What is CyPB?
CyPB is fast and light Protocol Buffers decoder for Python.
Lazy Decoding support. Message are decoded on the fly as attributes are accessed for the first time. It is big performance gain (~100x in some cases) if only some parts of message are accessed.
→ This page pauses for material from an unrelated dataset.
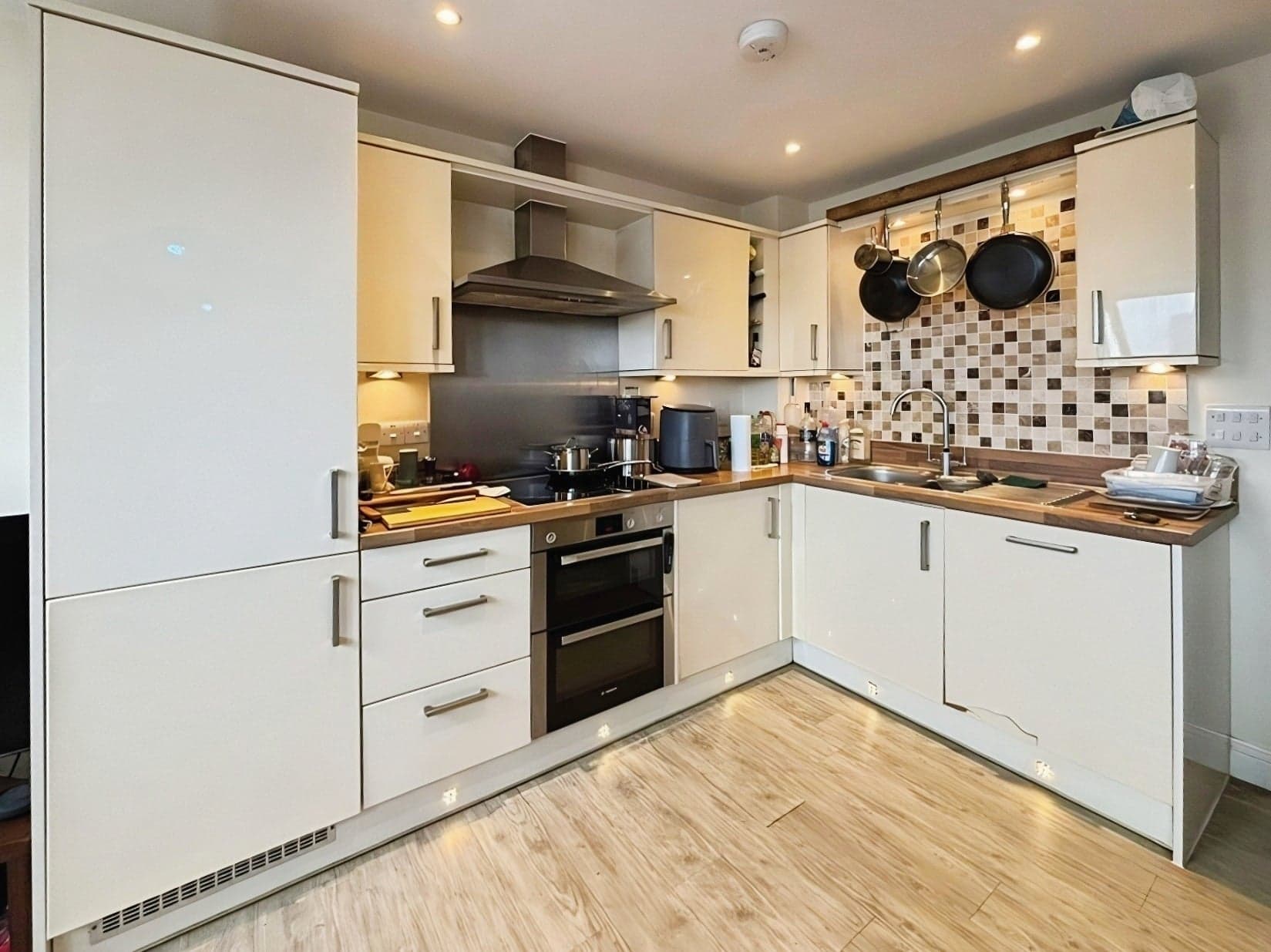 Property at Feathers Lane, Basingstoke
Fast. Full decoder is twice faster than Google's new C++ wrapper module in PB 2.4
No additional dependencies and libraries. Automatically generated C code compiles to Python module.
Usage and example
Compile your proto file
protoc your_proto_file.proto -o your_proto_file.pb2
Generate C module
python generator.py your_proto_file.pb2
Compile C module as Python extension
Decode messages in Python
from ctest import PBMsg from pb_types import MSG_Contact msg = "CiAKBUF0YXNoGghBdGFtdXJhZCINSGV6cmV0a3VsaXlldioUChJhdGFteXJhdEBnbWFpbC5jb20q\nFAoSYXRhbXVyYWRAY29ubmV4LmlvKhQKEmF0YW11cmFkQGdtYWlsLmNvbTIOCgwrOTkzNjc2NDI2\nNDIyDgoMKzk5MzEyMjcwMjAzYh50aGlzIGlzIG5vdGUgZmllbGQgZm9yIGNvbnRhY3Q=\n".decode("base64") contact = PBMsg(MSG_Contact, msg) # Display first name and list of phone numbers print contact.name.first for e in contact.phone: print " * ", e.display_number
Full Decode Benchmark
For benchmarking, only full decode method is used instead of lazy decoder.
Comparison were done on decoding same message 5000 times. See connexio.proto and run_google.py for test message and structure.
Environment: * MacBook Pro 2.66Ghz Intel Core 2 Duo * Python version: 2.6.1 * GCC 4.2.1 Average running time on 10 runs: * Google's Python module (2.3): 0.711271 seconds. * Google's C++ implementation for Python (2.4): 0.093410 * CyPB: 0.041584 seconds.
CyPB is in alpha stage and API is highly likely to change in the future. Below is the list of things to do, patches are welcome.
- Support all data types: doubles, bytes, etc.
- Handle unknown fields properly based on wire-type
- Throw exception if invalid attribute is accessed
- Merge Lazy and Full decoder into one API.
About / License
CyPB is developed by connex.io gmbh and licensed under new BSD license.